What to produce:
Starting at the line that contains "Житель Киева, который", transcribe every remaining line of the data below exactly, and omit all pictures.

======== Input for this task ========

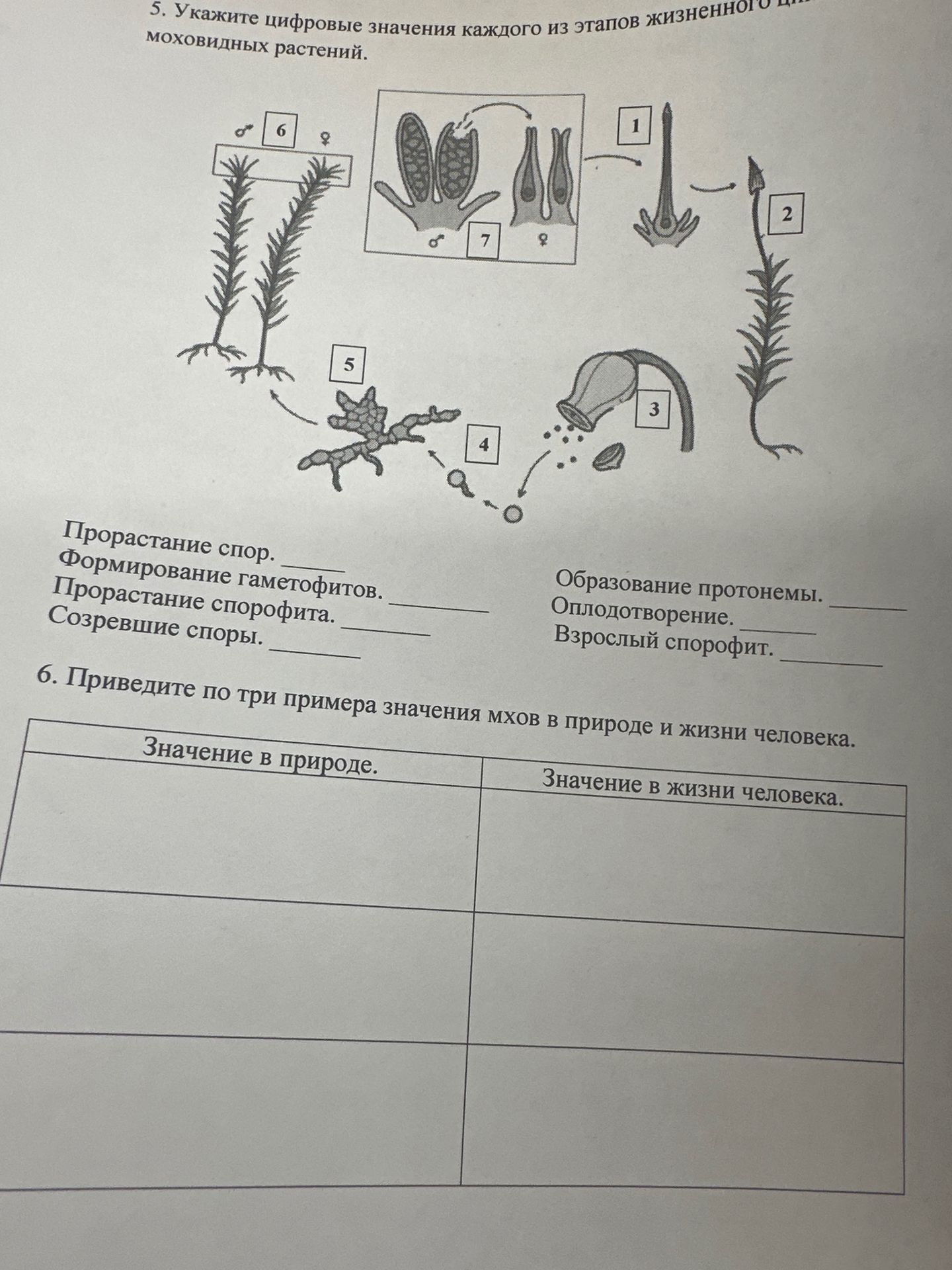 Фото задания: 6. Приведите по три примера значения мхов в природе и жизни человека.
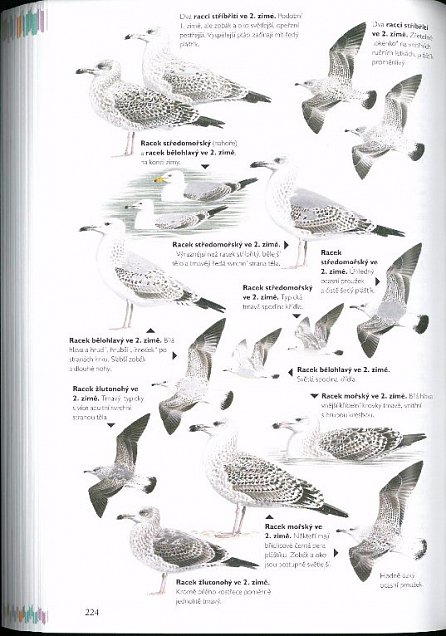 Náhled Příručka k určování ptáků se zaměřením na podrobný popis snadno zaměnitelných druhů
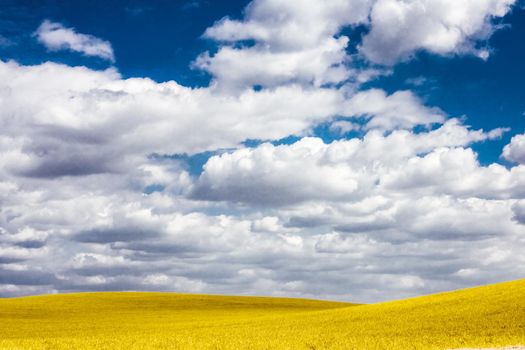 Landscape, agriculture and countryside meadow concept - Autumn rural field and cloudy blue sky, nature background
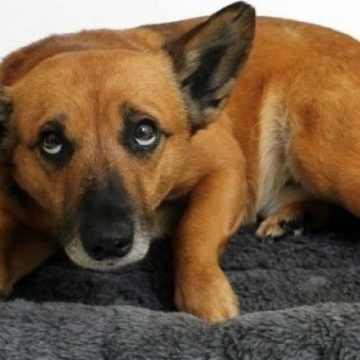 Житель Киева, который избил бездомную собаку пойдет под суд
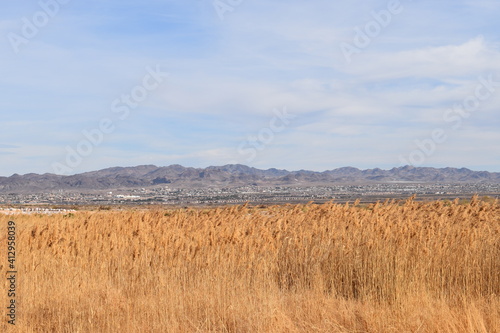 Wheat field in the wind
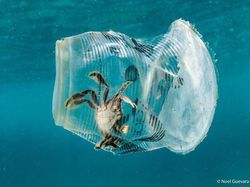 Potret Menyedihkan kala Hewan Terjerat Sampah dari Manusia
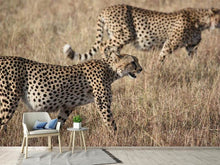 Load image into Gallery viewer, Photo Wallpaper 2 leopards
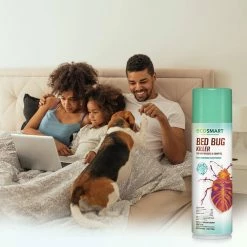 Buy 🤩 14 oz. Natural Bed Bug Killer with Plant-Based Peppermint and Rosemary Oil, Aerosol Spray Can (2-Pack) by EcoSmart 🔥 -Organic Gardening Shop ecosmart bug killer spray ecsm 33521 01ec 31 1000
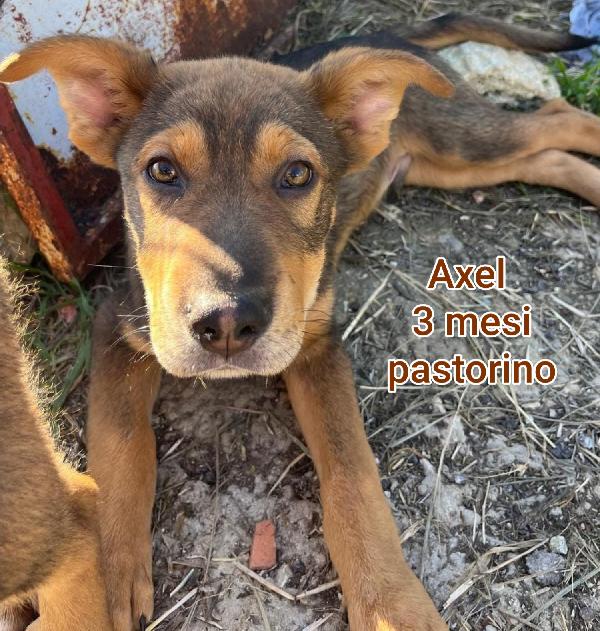 Cuccioli chiusi in rifugio  Foto 2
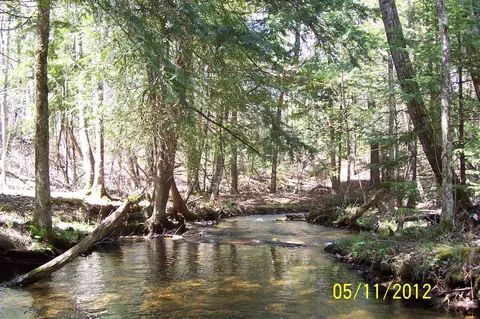 4475 Hatch Rd, Indian River, MI 49749 photo 7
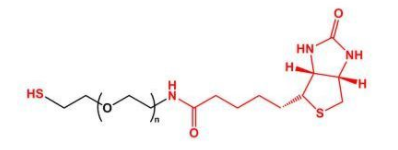 SH-PEG-BiotinҶBiotin-PEG-SH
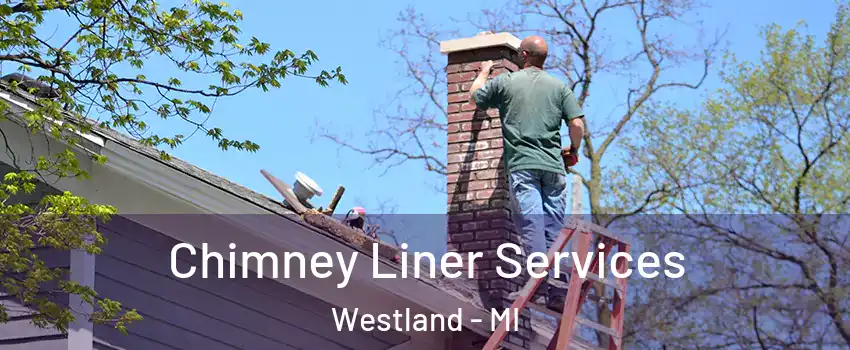  Chimney Liner Services Westland - MI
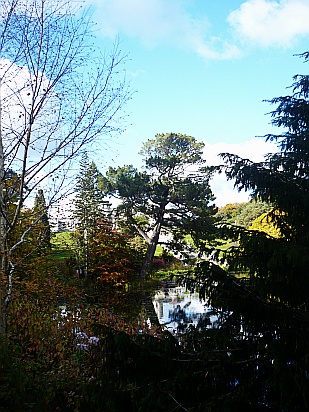 Sideways tree - Public Domain Photograph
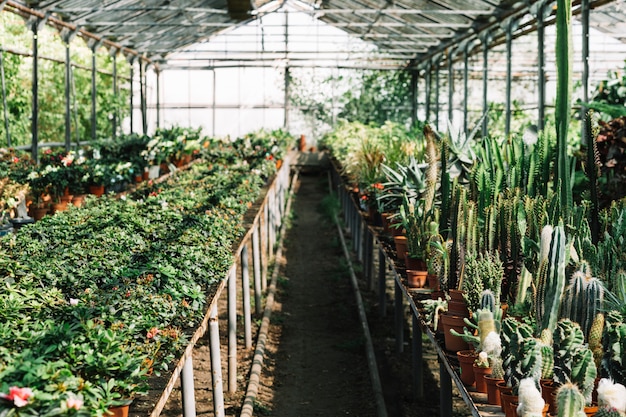 Plantas frescas creciendo en el invernadero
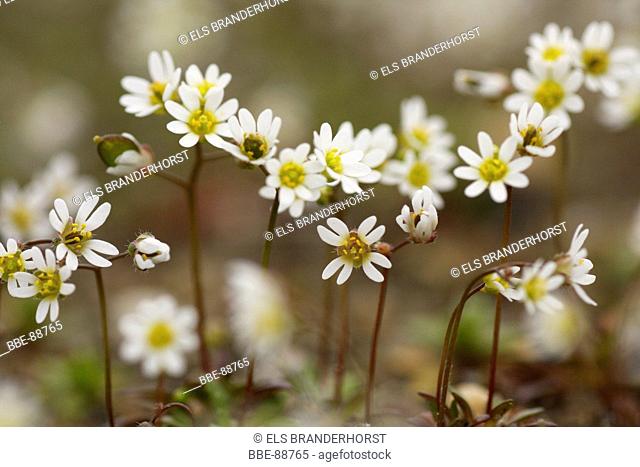 White flowers of Spring Draba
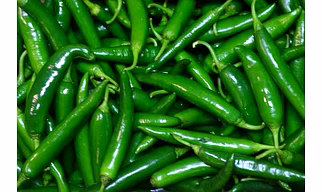 Green chilli G4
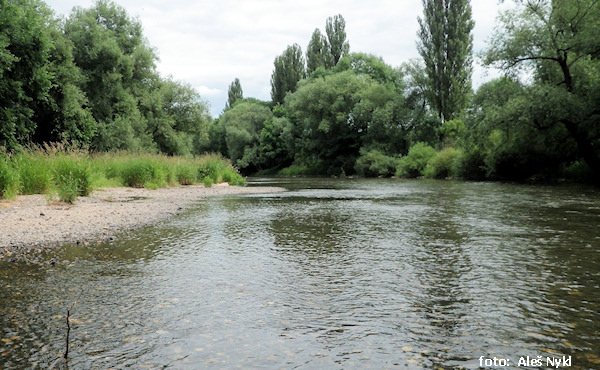 rkm 43,0 Pod Počedělicemi rkm 43,0 Pod Počedělicemi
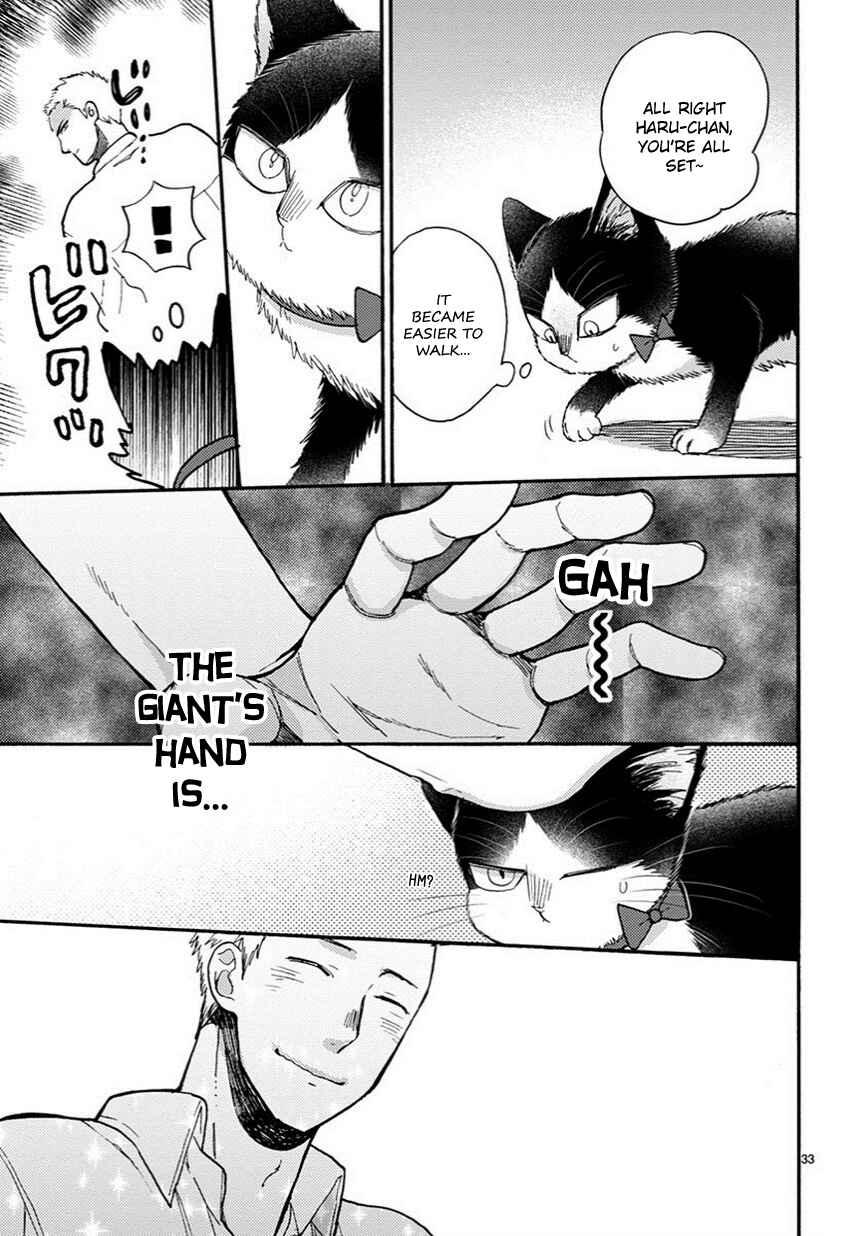 Page 10 Chapter 10.5 My Roommate Is a Cat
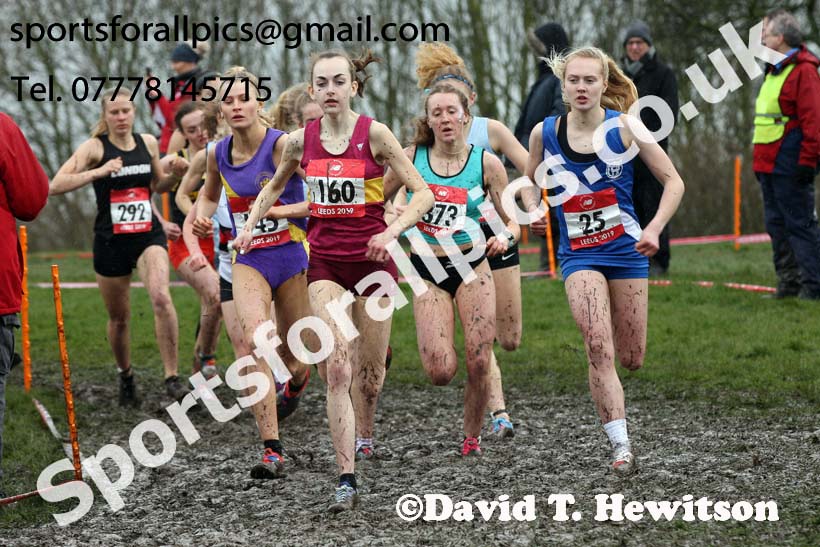 Senior girls 2019 New Balance English Schools Cross Country Champs, Temple Newsam, Leeds. Photo:  David T. Hewitson/Sports for All Pics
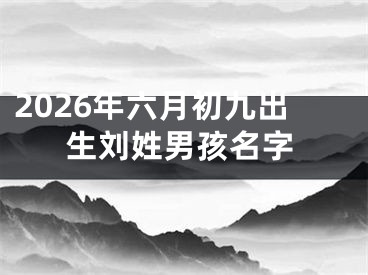 2026年六月初九出生刘姓男孩名字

========

Finished exercise:
 Житель Киева, который избил бездомную собаку пойдет под суд
 Wheat field in the wind
 Potret Menyedihkan kala Hewan Terjerat Sampah dari Manusia
 Load image into Gallery viewer, Photo Wallpaper 2 leopards
 Buy 🤩 14 oz. Natural Bed Bug Killer with Plant-Based Peppermint and Rosemary Oil, Aerosol Spray Can (2-Pack) by EcoSmart 🔥 -Organic Gardening Shop ecosmart bug killer spray ecsm 33521 01ec 31 1000
 Cuccioli chiusi in rifugio  Foto 2
 4475 Hatch Rd, Indian River, MI 49749 photo 7
 SH-PEG-BiotinҶBiotin-PEG-SH
  Chimney Liner Services Westland - MI
 Sideways tree - Public Domain Photograph
 Plantas frescas creciendo en el invernadero
 White flowers of Spring Draba
 Green chilli G4
 rkm 43,0 Pod Počedělicemi rkm 43,0 Pod Počedělicemi
 Page 10 Chapter 10.5 My Roommate Is a Cat
 Senior girls 2019 New Balance English Schools Cross Country Champs, Temple Newsam, Leeds. Photo:  David T. Hewitson/Sports for All Pics
 2026年六月初九出生刘姓男孩名字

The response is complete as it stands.